Selon Hans Joachim Schellnhuber, fondateur de l’Institut de recherche de Potsdam sur les effets du changement climatique et auteur de la préface du rapport, le cœur du problème réside dans la tendance du GIEC à réfléchir en termes de probabilités, alors que cela aboutit à des résultats absurdes. Aujourd’hui, la probabilité d’un scénario correspond en effet à « refaire la révolution industrielle et les émissions de gaz à effet de serre qu’elle a provoquées une dizaine de fois, en commençant toujours par le système terrestre dans son état pré-industriel de 1750 ». Il faut « calculer ensuite le résultat moyen de cette expérience planétaire en termes d’élévation moyenne de la température de surface, de productivité biologique globale, de nombre total de réfugiés climatiques et d’autres variables encore ». Or, ne devrions nous pas engager des politiques en fonction des hypothèses les plus pessimistes (le risque le plus fatal à éviter) et non en fonction d’un scénario moyen qui n’a que bien peu de signification concrète ?

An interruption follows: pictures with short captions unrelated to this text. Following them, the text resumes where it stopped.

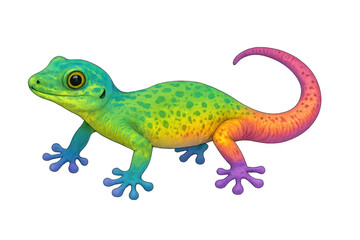 Obraz premium Colorful gecko rainbow reptile animal on transparent background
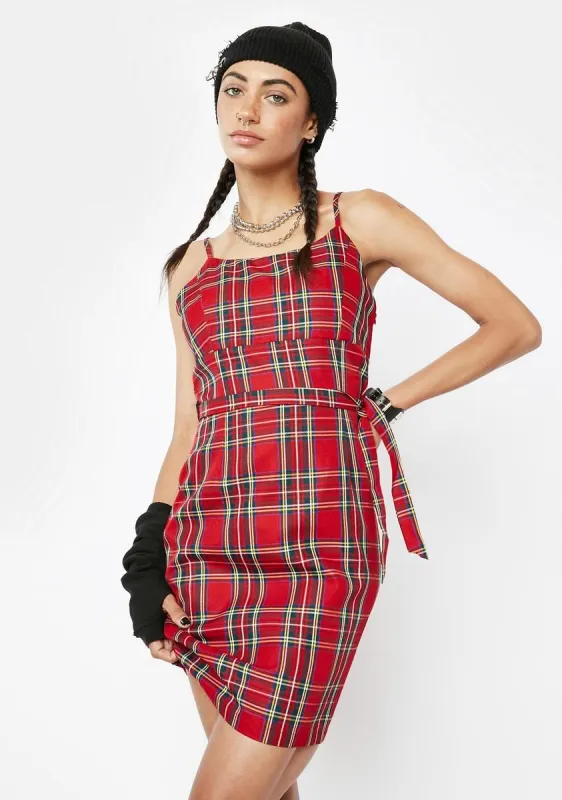 Crimson He's My Baby Plaid Mini Dress sold by Dolls Kill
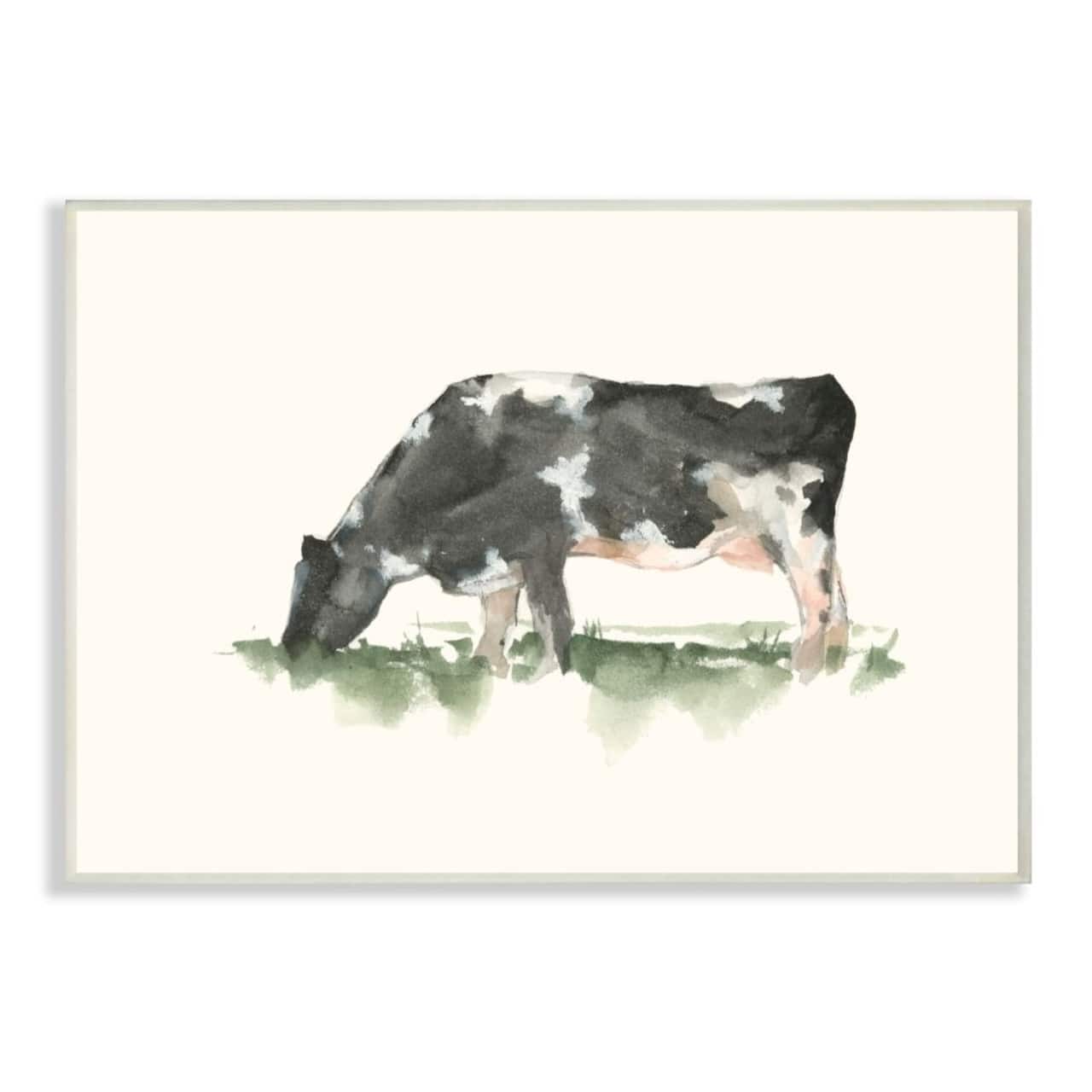 Stupell Industries Grazing Cow in Field Farm Animal Watercolor Wall Plaque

Les modèles climatiques ainsi que les scénarios d’émissions de gaz à effet de serre et les changements provoqués sont au centre de l’important travail du GIEC, « mais ils sont souvent trop conservateurs et sous-estiment les impacts futurs », argumentent les deux auteurs. Selon eux, trouver un consensus à partir de données scientifiques aboutit inévitablement à sous-estimer les risques. Dans le même temps, de nombreuses données, comme les points de basculement* (ou « tipping points » dans le jargon) ne sont que très peu présents dans les travaux du GIEC, justement parce qu’il est difficile de les intégrer dans des calculs de probabilité.
Le changement climatique comme « risque existentiel »
Aujourd’hui, ce sont pourtant les conclusions du GIEC qui servent de base à la communauté internationale – encore faudrait-il que les recommandations soient suivies et transformées en actes. Mais quoi qu’il en soit, il se pourrait bien que les changements à venir soient bien plus dramatiques que ce qui est envisagé aujourd’hui. « L’humanité sera bientôt confrontée à l’obligation de choisir entre prendre des mesures sans précédent ou admettre qu’il est trop tard et en porter les conséquences », écrit d’ailleurs Hans Joachim Schellnhuber dans la préface.
Autrement dit, alors que les êtres humains n’ont jamais vécu dans un environnement dans lequel les températures et la concentration des gaz à effet de serre sont aussi aussi élevées qu’aujourd’hui, les futurs possibles ont bien plus d’importance que les scénarios probables pour établir des politiques cohérentes et éviter le pire. Voilà en substance les conclusions étonnantes du Think Tank Break Through. Les responsables vont-ils en prendre de la graine ?
*Les points de basculement sont des phénomènes comme la fonte des glaces qui peuvent entrainer de nouveaux bouleversements (en l’occurrence, avec la fonte des glaces, l’albédo de la terre diminue, ce qui provoque un nouveau réchauffement).